Exercise data →
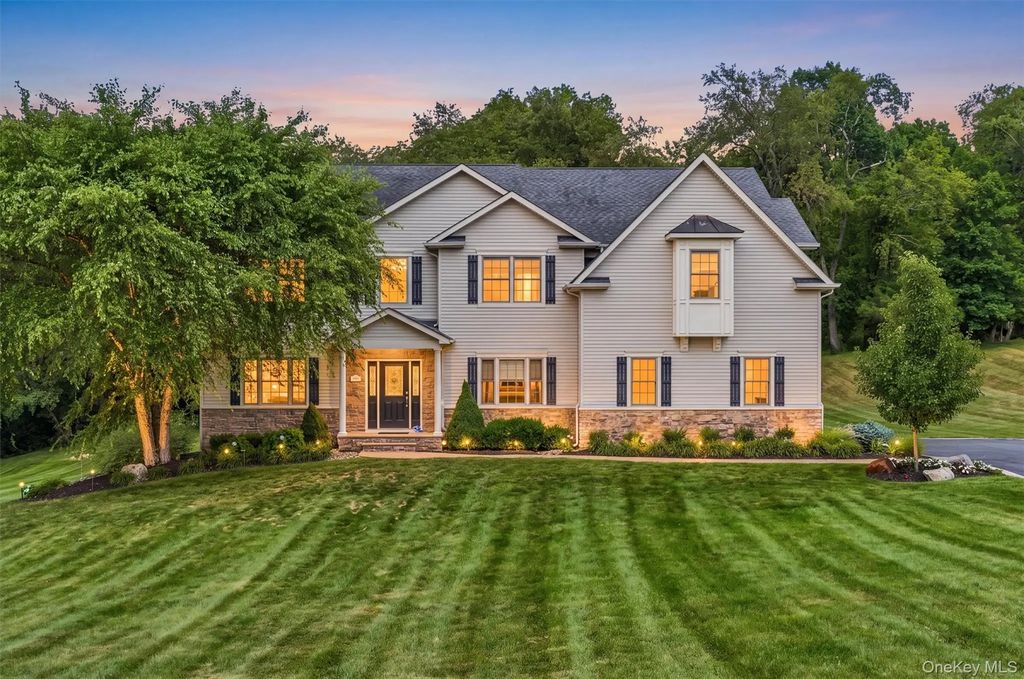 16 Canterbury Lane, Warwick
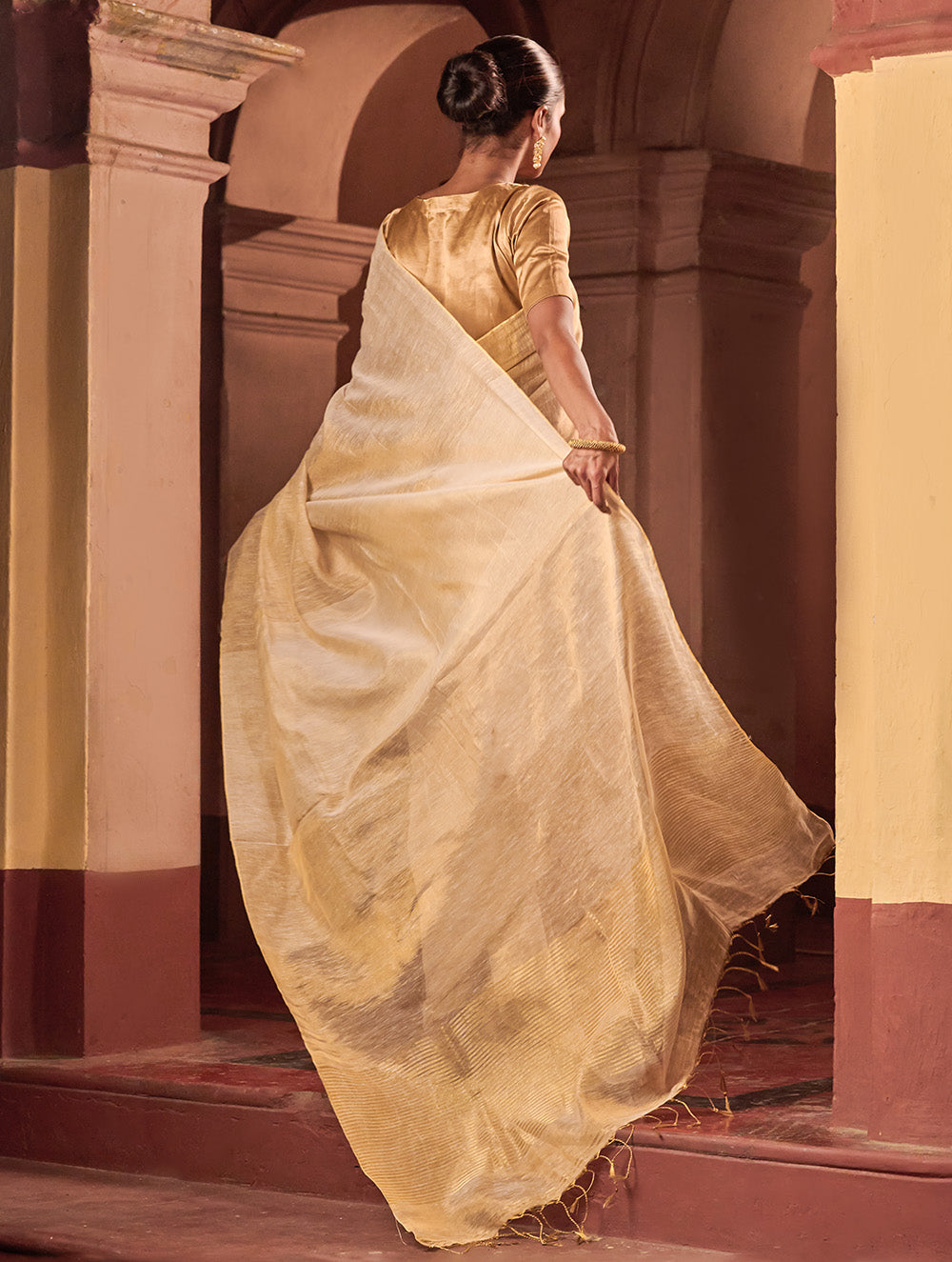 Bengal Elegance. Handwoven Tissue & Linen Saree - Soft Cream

--

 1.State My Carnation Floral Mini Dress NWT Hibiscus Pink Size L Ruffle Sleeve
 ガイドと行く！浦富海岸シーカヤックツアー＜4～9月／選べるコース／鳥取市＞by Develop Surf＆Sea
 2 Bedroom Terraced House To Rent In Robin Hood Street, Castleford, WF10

What to do →
Above are the records; from them, give again exactly the lines from the one containing "ガイドと行く！浦富海岸シーカヤックツアー＜4～9月／選べるコース／鳥取市＞by Develop Surf＆Sea" to the one containing "2 Bedroom Terraced", both lines included, and nothing more.

Result →
 ガイドと行く！浦富海岸シーカヤックツアー＜4～9月／選べるコース／鳥取市＞by Develop Surf＆Sea
 2 Bedroom Terraced House To Rent In Robin Hood Street, Castleford, WF10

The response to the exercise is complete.